Alas, unlike the fables, such a condition does not live happily ever. Things can and do regress. As nations pursue growth when they should be pursuing consolidation and continuity, road traffic grows, civility declines, rule violations become commonplace and stress spills onto the streets. This is but one of the costs that nations face when they pursue growth, as developing countries do.

Economic growth often brings with it inevitable social disruptions. They are accepted as necessary costs for countries that are yet to offer a decent life to a vast majority of their citizens. But when the pursuit of economic growth takes precedence over other goals in ageing and mature societies, costs can be larger. Familiarity and continuity are essential for children and the old alike. They anchor associations, relationships and loyalties. Constant change destroys emotional and social threads, and hence the old find both the economic and social costs of rapid growth too painful to bear. Their savings count for less as inflation takes a large share of them, and their social linkages are lost, sometimes for ever. It is worth asking whether Japan chose wrongly after its economic growth halted in the 1990s. Perhaps it knew something that some of us don’t know, even today.

Pursuit of growth also forces policymakers to fail to recognize changes. East Asia is at risk of committing that mistake yet again, thanks to its growth fetish and insecurity. Sometimes, these two are one and the same. It is a pity that private economists and policymakers reinforce each other in this act of folly.

Most East Asian central bankers are making haste rather slowly with monetary policy tightening. Economists nod in approval as they point to signs of economic slowdown in the West, and opine that this is no time for engaging in monetary policy bravado. That would be true if only the world had remained frozen in the 1980s and 1990s, when trade was the only economic linkage between the West and Asian exporters. If the Western economies slowed, East Asia had to administer policy-easing boosters to its economy. Today, in a world of mobile capital and instant information, economic woes in the West result in capital flows into the East. Capital linkages hardly mattered two decades ago. Now such flows boost asset prices in the East. Rising asset prices boost domestic demand and economic growth. Policy easing—by stealth or design—is not only unnecessary, but also undesirable.

Most of the population finds that it cannot afford the assets whose prices have decoupled from values, thanks to vast and fast inflows from elsewhere. The bane of asset price bubbles is that they prove the adage that one has to be rich to become rich. They reward the prosperous, but not the productive. While economic and other accompanying rewards go to the elite, the costs of growth are widely shared. Erosion in purchasing power caused by a rising price level is the most prominent of them, but surely not the only one—as the earlier narration shows.

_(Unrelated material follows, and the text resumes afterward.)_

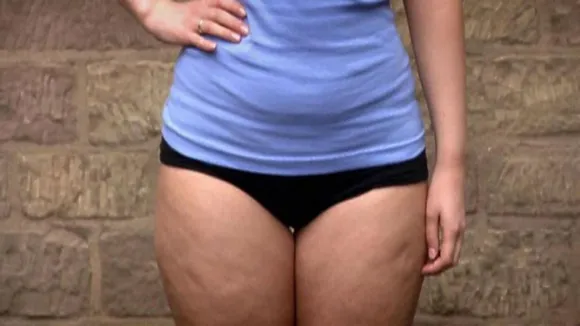 What is Lipedema: শরীরের নিচের অংশে ফ্যাট বৃদ্ধি লিপিডেমা রোগের ইঙ্গিত হতে পারে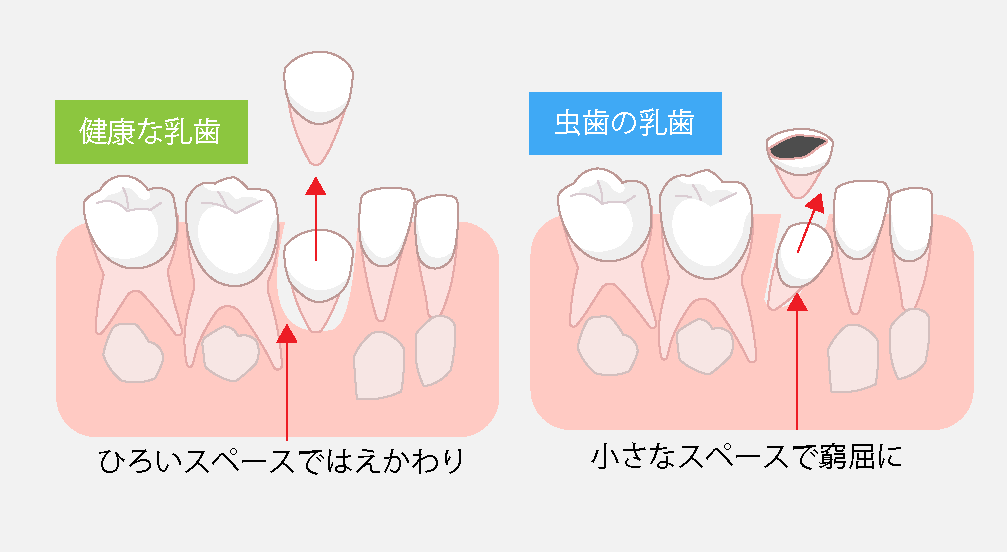 永久歯の歯並びへの影響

Hence, instead of advising governments to recognize that capital inflows have weakened traditional economic linkages with the West through trade alone, economists employed by the financial sector endorse policy inaction by resorting to constructs such as core inflation, which have no relevance to the cost of living of the common man. One should not be surprised—the world of finance has prospered in the last quarter century, when asset prices affected real economies rather than the other way around. No one pulls the rug from under his own feet.

Unfortunately, their advice has been heeded. World foreign exchange reserves have grown by $2 trillion since the beginning of 2008. US dollar weakness does not explain this, since it strengthened a lot in 2008. Countries have intervened massively in the foreign exchange market. The lion’s share of the honours belongs to East Asia. This accretion of reserves has not just accelerated economic growth, but has also boosted stock and property prices across the region to undeserved levels. It has also made the region’s economic path unsustainable, yet again.

Policymakers in East Asia have to wake up and smell the coffee soon. They should abandon statistical finessing of the rising cost of living, tighten monetary policy, and consider appropriate measures to signal lower returns to the capital invasion from the West. These are minimum steps required to preserve both their economies and societies.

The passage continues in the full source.